John Wolfe Jr, a candidate running against President Obama for the Democratic presidential nomination, is likening Obama to Fidel Castro after Louisiana Democratic Party officials refused to award him three delegates earned in the March 24 primary election.
“Castro would be proud of the way the president’s people are marginalizing his opponents and disenfranchising voters who casted ballots against him,” Wolfe said. “His people want to take all the delegates. He is acting just like Castro would by making the rules up as they go.”
In March, Wolfe earned more than 15 percent of the vote in three of Louisiana’s seven congressional districts. That’s enough to entitle him three delegates at the Democratic National Convention in Charlotte, N.C. in September, according to party rules.
Wolfe won roughly 20 percent of the vote in Louisiana’s 1st Congressional District, 17 percent in the 3rd Congressional District, and 22 percent in the 7th Congressional District.
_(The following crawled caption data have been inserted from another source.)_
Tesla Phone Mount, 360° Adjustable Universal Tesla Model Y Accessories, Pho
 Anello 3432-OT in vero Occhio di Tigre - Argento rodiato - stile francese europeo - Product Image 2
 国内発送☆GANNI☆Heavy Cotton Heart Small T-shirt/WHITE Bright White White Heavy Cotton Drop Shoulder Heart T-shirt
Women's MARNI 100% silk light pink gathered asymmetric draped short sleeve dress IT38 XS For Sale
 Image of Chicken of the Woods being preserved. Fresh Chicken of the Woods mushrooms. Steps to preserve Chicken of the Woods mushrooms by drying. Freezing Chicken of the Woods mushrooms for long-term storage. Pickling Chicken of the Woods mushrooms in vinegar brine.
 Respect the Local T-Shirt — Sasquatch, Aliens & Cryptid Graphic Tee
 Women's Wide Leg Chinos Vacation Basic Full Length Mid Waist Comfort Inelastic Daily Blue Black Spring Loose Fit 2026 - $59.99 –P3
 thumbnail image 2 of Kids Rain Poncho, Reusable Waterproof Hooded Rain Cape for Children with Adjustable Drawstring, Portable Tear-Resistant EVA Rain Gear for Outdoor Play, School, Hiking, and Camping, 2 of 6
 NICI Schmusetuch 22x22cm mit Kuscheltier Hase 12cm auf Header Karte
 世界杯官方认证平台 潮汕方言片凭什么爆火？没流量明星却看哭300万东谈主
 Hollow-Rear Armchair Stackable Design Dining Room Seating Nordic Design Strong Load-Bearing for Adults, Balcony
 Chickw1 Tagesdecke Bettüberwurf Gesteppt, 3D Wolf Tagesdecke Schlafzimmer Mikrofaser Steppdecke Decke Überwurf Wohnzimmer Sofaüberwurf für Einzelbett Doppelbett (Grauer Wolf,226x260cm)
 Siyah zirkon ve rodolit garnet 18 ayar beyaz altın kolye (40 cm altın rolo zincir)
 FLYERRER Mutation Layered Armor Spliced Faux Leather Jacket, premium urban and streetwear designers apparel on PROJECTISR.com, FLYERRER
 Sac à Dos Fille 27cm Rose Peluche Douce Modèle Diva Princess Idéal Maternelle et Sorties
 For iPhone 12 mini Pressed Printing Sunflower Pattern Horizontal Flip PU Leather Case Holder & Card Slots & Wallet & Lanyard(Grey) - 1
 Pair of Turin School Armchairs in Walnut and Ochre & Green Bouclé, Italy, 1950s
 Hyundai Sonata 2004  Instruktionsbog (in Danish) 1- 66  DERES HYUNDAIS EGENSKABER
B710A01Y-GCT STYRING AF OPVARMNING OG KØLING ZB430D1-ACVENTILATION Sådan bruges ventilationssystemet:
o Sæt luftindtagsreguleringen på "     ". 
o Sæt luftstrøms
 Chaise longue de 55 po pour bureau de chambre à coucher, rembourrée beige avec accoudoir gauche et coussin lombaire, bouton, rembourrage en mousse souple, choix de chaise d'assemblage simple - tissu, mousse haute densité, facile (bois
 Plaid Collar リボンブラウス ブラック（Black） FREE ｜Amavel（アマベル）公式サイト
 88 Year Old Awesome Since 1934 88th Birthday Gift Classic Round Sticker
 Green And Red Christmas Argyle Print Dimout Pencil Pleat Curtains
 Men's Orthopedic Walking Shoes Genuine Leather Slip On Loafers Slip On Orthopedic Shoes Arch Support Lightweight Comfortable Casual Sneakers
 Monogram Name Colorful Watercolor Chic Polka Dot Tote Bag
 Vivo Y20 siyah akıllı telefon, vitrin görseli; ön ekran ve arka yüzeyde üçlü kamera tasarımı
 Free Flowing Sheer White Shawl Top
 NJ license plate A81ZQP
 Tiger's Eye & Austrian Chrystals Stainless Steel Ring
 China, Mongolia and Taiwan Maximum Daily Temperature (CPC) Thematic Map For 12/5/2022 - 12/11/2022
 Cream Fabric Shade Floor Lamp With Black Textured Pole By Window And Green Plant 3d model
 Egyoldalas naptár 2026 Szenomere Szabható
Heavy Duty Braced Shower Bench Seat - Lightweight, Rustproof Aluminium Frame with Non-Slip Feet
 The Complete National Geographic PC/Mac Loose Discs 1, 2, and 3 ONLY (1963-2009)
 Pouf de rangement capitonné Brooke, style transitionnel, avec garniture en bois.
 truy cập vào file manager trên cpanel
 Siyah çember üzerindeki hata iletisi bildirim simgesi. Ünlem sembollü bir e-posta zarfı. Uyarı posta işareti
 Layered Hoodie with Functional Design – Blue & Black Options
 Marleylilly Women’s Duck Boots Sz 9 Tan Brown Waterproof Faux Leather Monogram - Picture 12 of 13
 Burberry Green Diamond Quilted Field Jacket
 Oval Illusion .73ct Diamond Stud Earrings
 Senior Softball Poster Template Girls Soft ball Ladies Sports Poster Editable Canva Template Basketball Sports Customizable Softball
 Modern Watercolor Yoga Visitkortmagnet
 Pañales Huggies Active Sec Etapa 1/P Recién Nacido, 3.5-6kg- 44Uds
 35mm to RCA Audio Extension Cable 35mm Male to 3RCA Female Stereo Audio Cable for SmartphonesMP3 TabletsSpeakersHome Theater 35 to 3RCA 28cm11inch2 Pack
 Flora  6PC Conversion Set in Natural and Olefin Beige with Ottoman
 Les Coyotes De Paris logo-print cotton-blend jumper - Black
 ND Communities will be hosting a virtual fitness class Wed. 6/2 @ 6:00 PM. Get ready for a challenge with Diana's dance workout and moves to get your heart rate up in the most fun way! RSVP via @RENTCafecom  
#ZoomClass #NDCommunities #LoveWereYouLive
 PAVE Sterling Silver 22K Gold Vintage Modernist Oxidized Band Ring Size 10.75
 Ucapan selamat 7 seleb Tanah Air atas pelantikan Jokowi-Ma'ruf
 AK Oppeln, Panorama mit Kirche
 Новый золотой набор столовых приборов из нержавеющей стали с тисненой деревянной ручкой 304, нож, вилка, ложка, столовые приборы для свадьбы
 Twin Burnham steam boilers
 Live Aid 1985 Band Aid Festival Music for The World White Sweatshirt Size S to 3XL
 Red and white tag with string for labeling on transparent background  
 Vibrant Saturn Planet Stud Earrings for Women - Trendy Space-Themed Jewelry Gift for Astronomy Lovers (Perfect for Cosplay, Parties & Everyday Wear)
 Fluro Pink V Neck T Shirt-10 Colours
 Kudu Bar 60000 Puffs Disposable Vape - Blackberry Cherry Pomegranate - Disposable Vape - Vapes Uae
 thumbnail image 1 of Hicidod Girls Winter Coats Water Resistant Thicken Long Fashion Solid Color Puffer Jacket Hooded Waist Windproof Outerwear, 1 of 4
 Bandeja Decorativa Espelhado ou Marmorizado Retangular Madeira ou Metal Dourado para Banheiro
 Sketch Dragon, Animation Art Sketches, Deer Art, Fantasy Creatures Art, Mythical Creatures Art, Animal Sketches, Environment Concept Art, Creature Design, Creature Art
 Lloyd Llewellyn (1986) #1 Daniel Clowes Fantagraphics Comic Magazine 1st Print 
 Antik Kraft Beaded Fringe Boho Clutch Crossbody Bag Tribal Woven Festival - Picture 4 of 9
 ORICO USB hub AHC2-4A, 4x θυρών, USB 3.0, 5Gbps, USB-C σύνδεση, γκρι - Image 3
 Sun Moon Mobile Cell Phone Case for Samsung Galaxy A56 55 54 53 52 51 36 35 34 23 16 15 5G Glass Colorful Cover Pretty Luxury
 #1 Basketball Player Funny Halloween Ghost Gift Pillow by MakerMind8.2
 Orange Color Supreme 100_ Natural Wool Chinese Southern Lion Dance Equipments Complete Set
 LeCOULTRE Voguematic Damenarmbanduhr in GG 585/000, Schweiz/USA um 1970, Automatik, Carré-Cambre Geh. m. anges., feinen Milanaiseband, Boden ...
Despite the impressive showing from a Democrat running against an incumbent president, the Louisiana Democratic Party announced Monday that all delegates would be going to Obama.
Party officials have said that they won’t award Wolfe any delegates because he failed to announce a delegate selection plan and failed to authorize a campaign representative by deadlines.
Wolfe, an attorney from Tennessee, plans to take the party to federal court to wrest the delegates from party bosses.
“The (Louisiana Democratic Party) by-laws say that the primary results are binding and now they are saying that the results are non-binding—that’s a contradiction in itself,” he said. “There are 17,804 voters in Louisiana that are being disenfranchised. It’s making it look as if the Democratic Party is an object of hypocrisy.”
The Obama Administration and Congressional Democrats have called recent voter photo ID laws enacted by states a form of voter disenfranchisement. The Department of Justice (DOJ) has blocked photo ID requirment law in South Carolina and Attorney General Eric Holder has said that such law are reminiscent to Jim Crow laws of the Old South.
Wolfe the delegates he won in Louisiana proves that not all Democrats believe that Obama is doing a good job as president and should be given a choice at the national party convention for an another candidate.
“Obama is not king. They act as if Obama is the personification of what it means to be a Democrat and that’s not true,” he said.
Randall Terry, an anti-abortion activist, also exceeded the 15 percent voter threshold needed for delegates to the national convention in the March 6 Oklahoma primary election. His delegates were also refused for different technical reasons.